_To do:_ Directions for the data below: repeat exactly the lines from the one with "Gibson - Humbucking" through the one with "Großartiges & neues", both included, and omit all pictures.

[Task material]

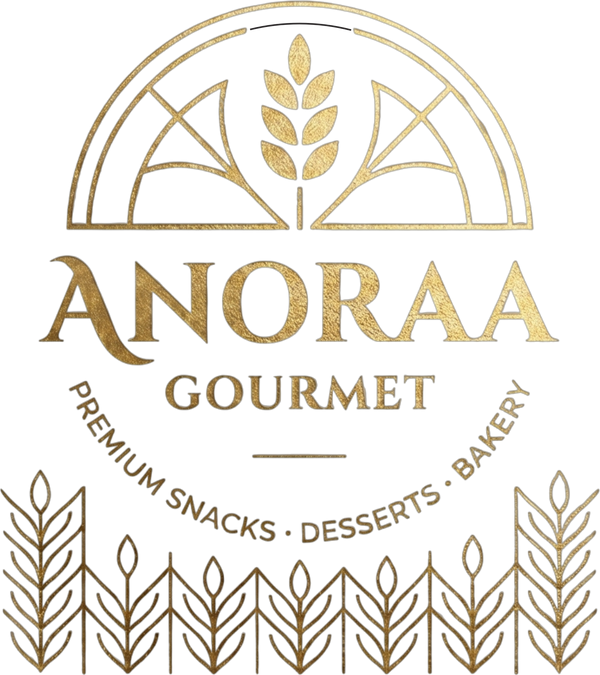 ANORAA Gourmet Foods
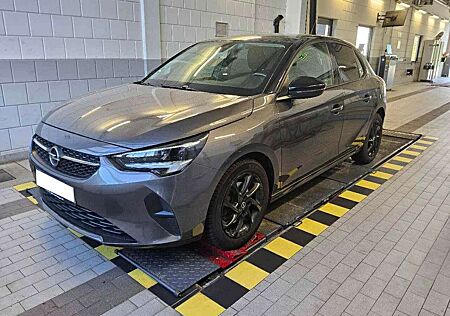 Opel Corsa F Edition 1.2t LED Kamera Alu NAvi Sitzhzg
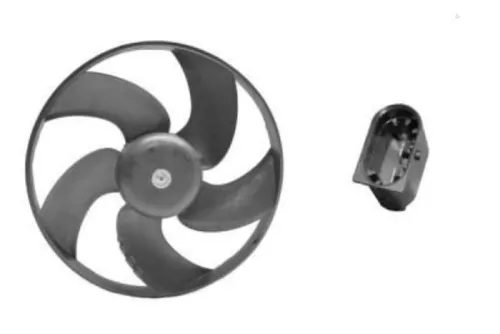 Koelvin Motor-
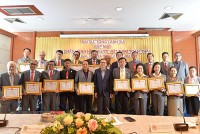 Lắng nghe tâm tư và nguyện vọng của cộng đồng người Việt toàn Thái Lan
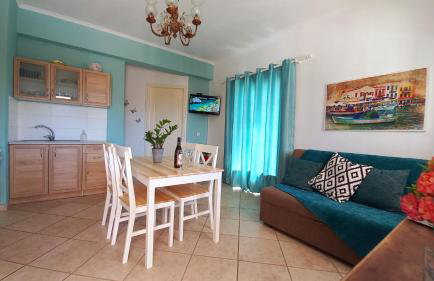 AGIOS LEON Apartment 3 - Foto 4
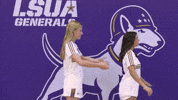 Soccer Generals GIF by LSUA Athletics
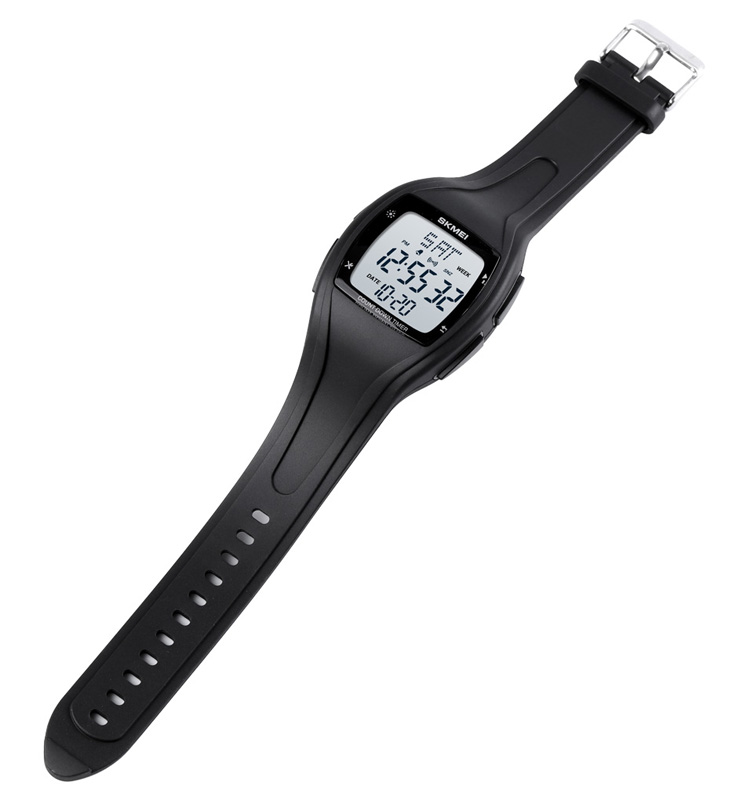 Sports watches wholesaler-Skmei Watch Manufacture Co.,Ltd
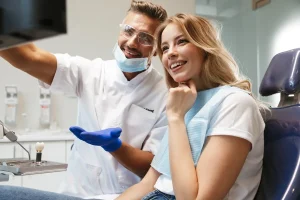 Preventive Dentistry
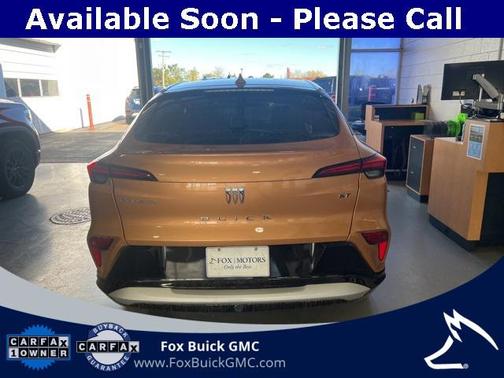 2024 Buick Envista Sport Touring FWD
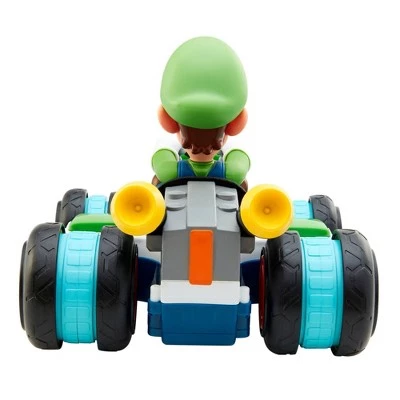 Nintendo Mini RC Luigi Racer 8 Nintendo Mini RC Luigi Racer - Image 8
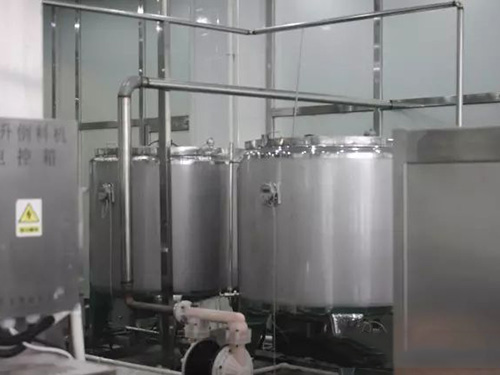 剁辣椒自動清洗機(jī)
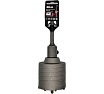 Коронка твердосплавная по бетону, в сборе, SDS Plus, 68 мм JEDA J70329
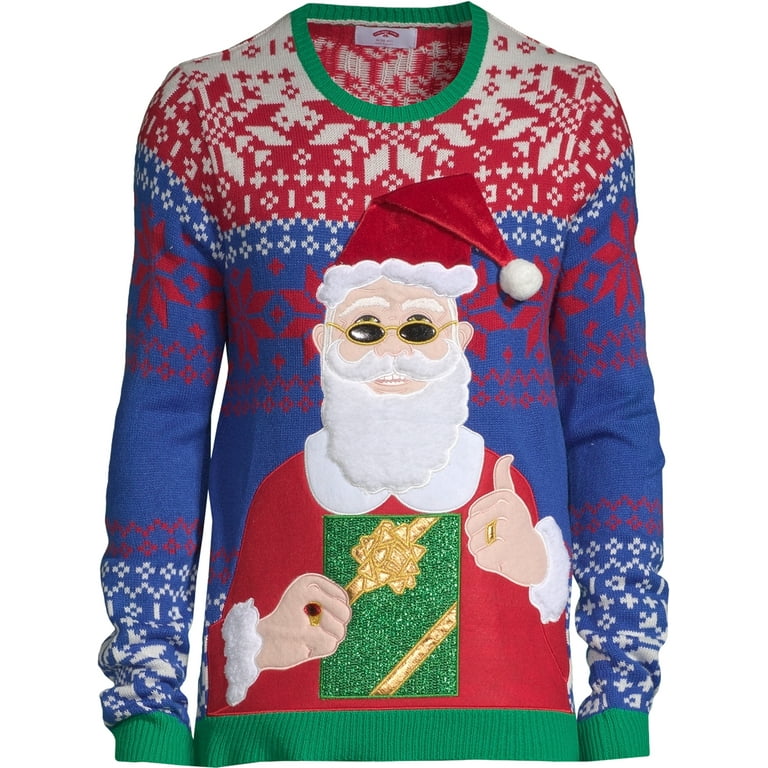 Jcpenney mens christmas sweaters hotsell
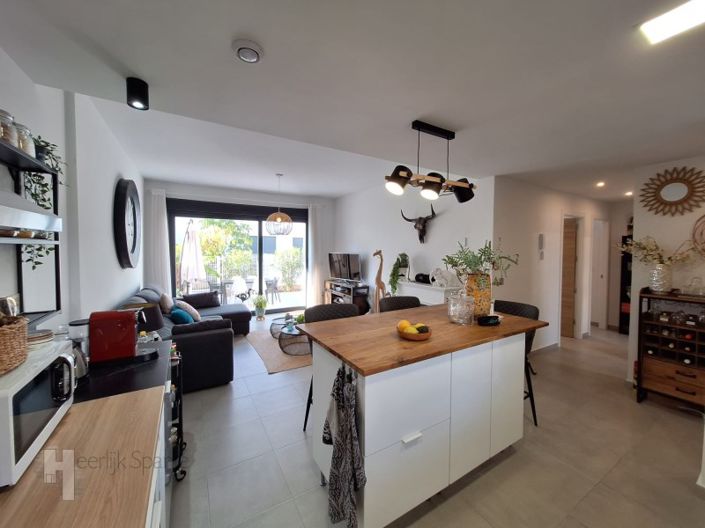 Image No.6-3 Bed Apartment for sale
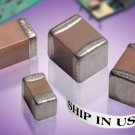 500pcs - 0603, AVX 2.7nF / 2700pF 5% Capacitor  06035C272JAT4A (E300)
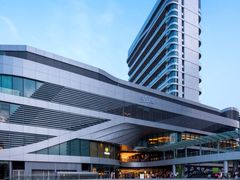 -深圳来福士广场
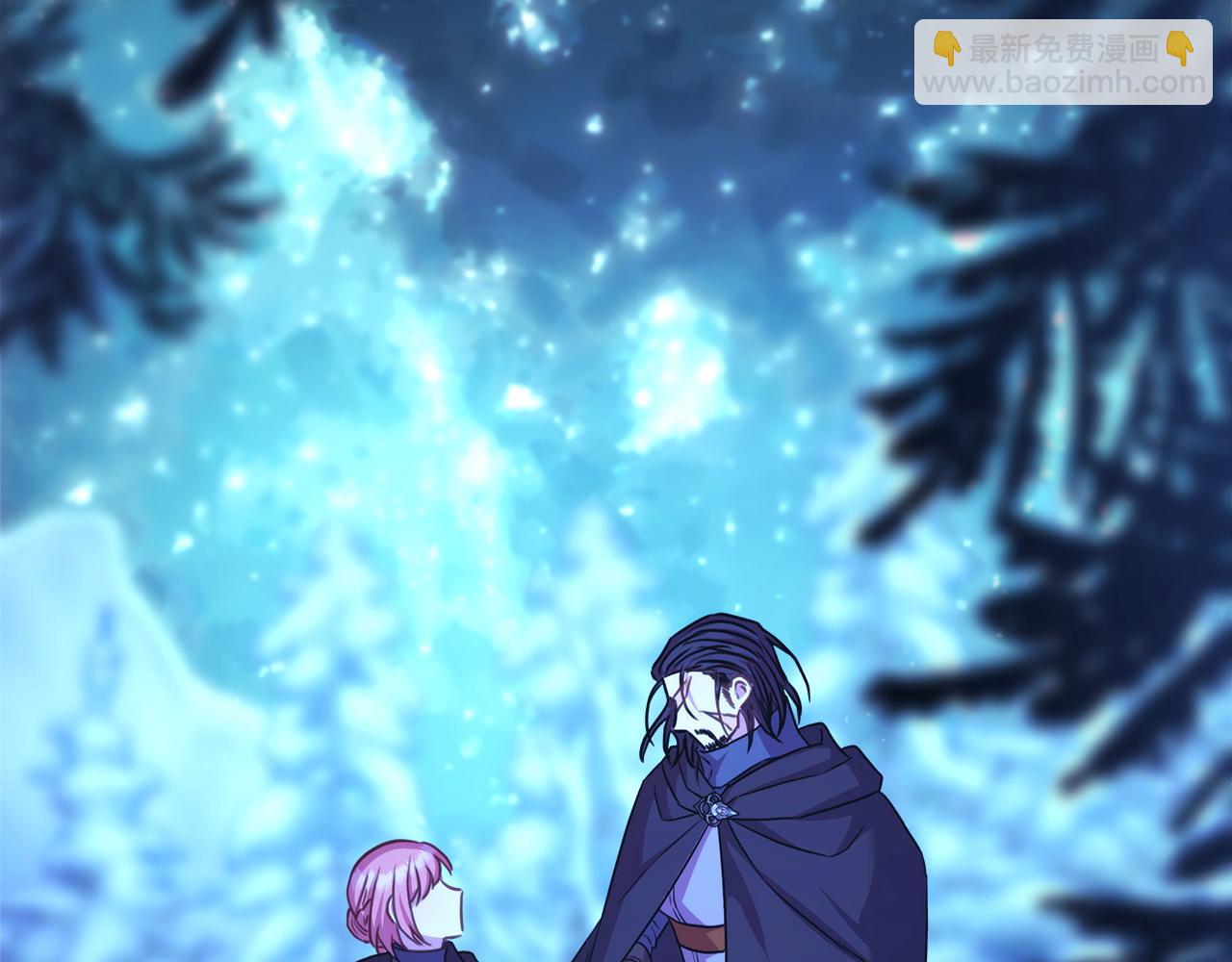 反正是歐風小甜漫 - 第二季完結篇 你說她還活着？(4/9) - 4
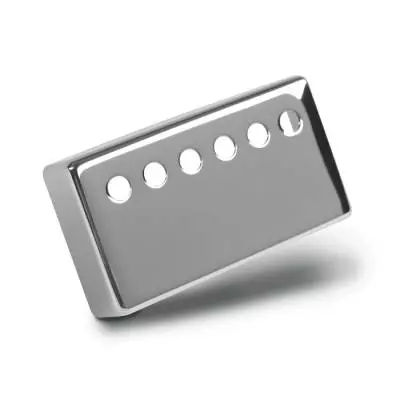 Gibson - Humbucking Pickup Cover - Neck in Chrome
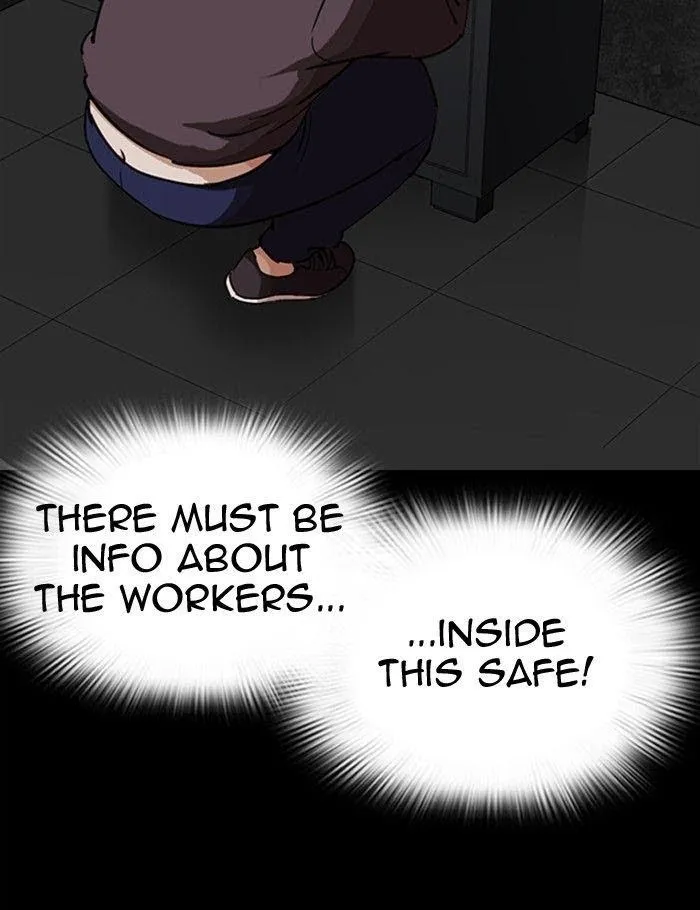 Lookism - Chapter 289 Page 10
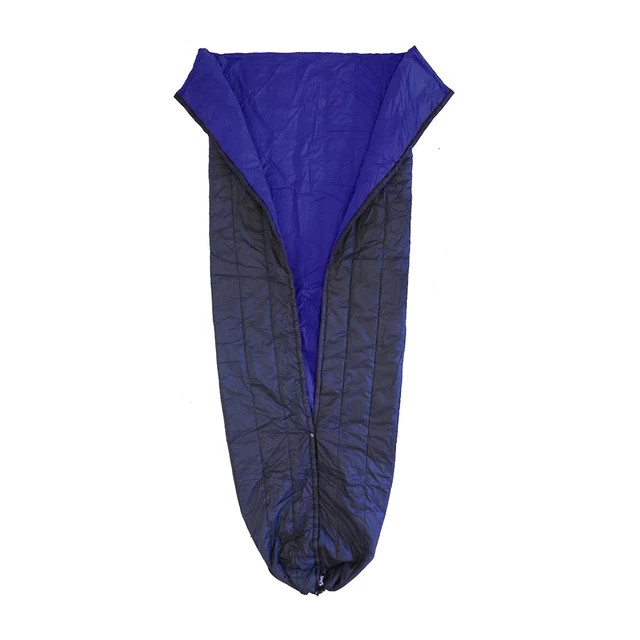 Deka do hamaku ENO Spark TopQuilt - Navy/Royal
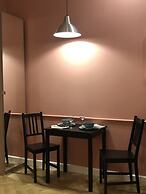 Dobrynya Guest House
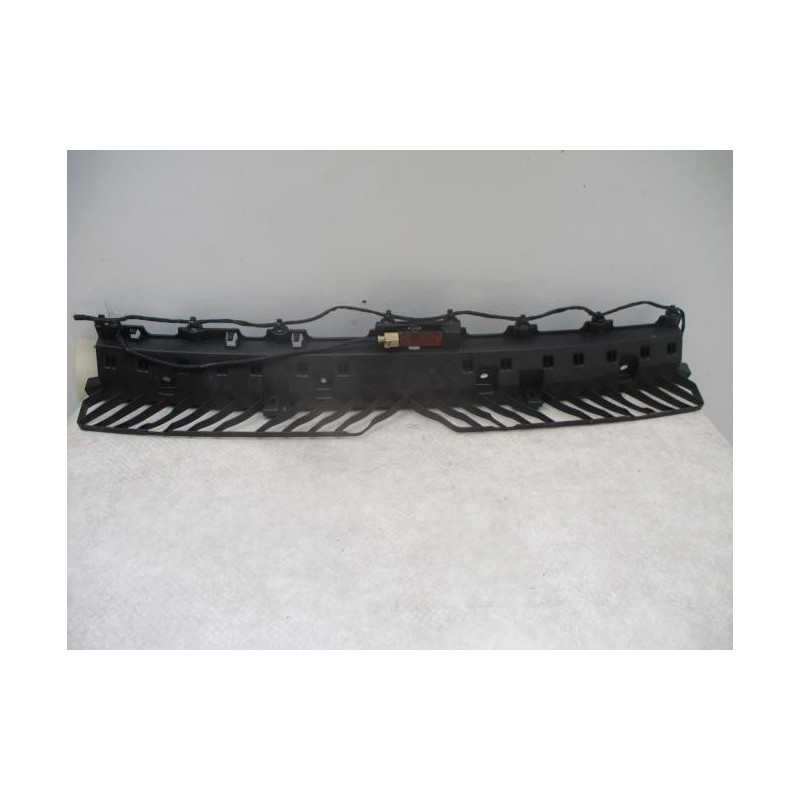 Renfort pare choc arriere (traverse) HONDA  d’occasion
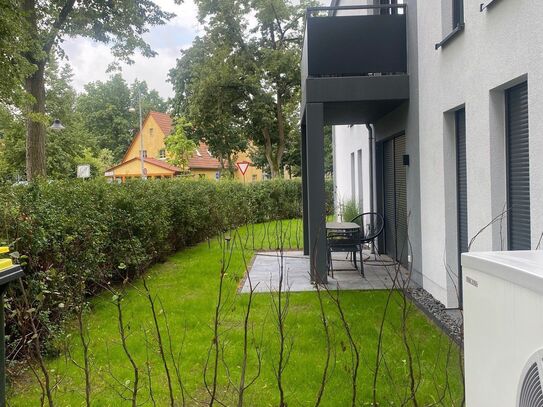 Großartiges & neues Loft im Herzen von Nuthetal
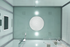 Maya Bath Platinum Anzio-L Steam Shower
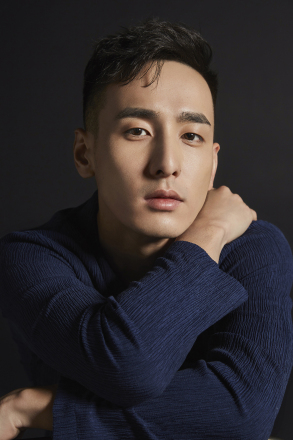 任彬（中国内地影视男演员）_百度百科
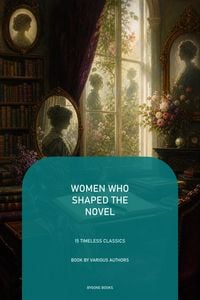 Produktbild: Women Who Shaped the Novel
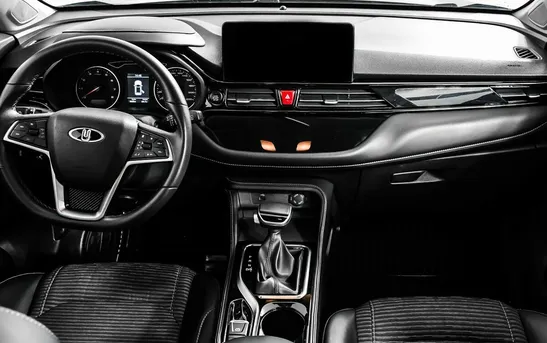 Москвич 3 1.50 вариатор, фото №1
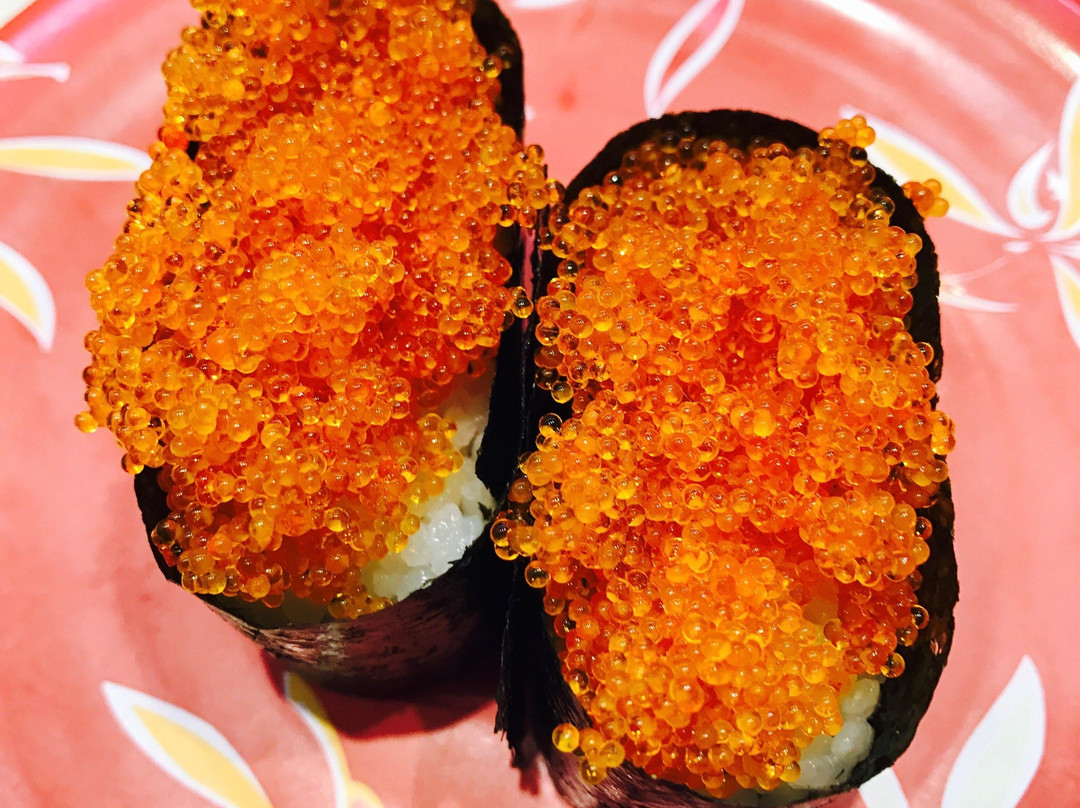 すし三崎港 シャポー本八幡店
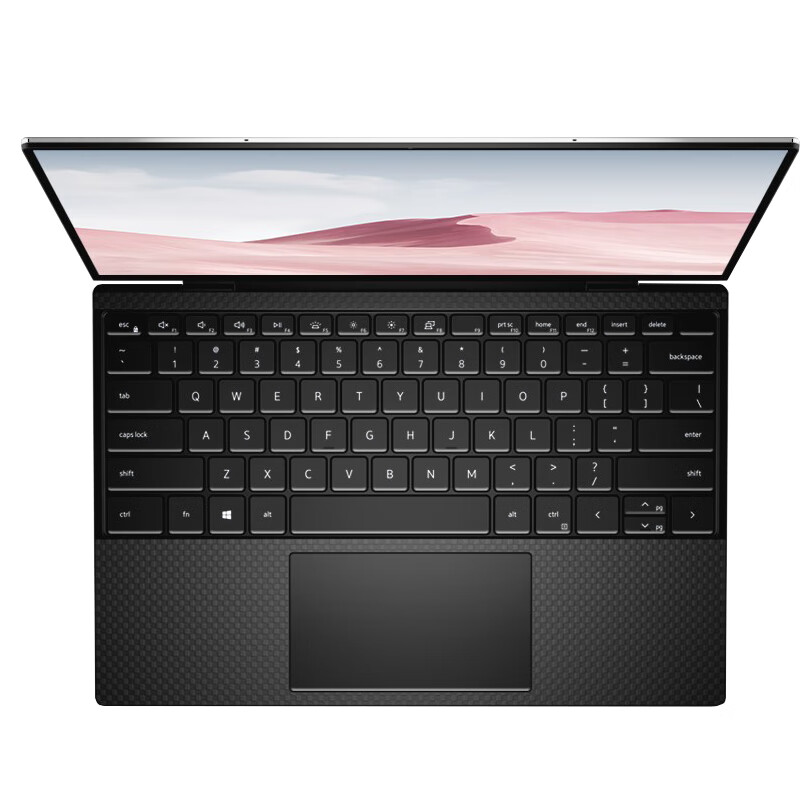 戴尔 高清轻薄 笔记本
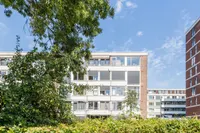 Rooseveltlaan 550, Utrecht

[/Task material]

_Expected output:_
 Gibson - Humbucking Pickup Cover - Neck in Chrome
 Lookism - Chapter 289 Page 10
 Deka do hamaku ENO Spark TopQuilt - Navy/Royal
 Dobrynya Guest House
 Renfort pare choc arriere (traverse) HONDA  d’occasion
 Großartiges & neues Loft im Herzen von Nuthetal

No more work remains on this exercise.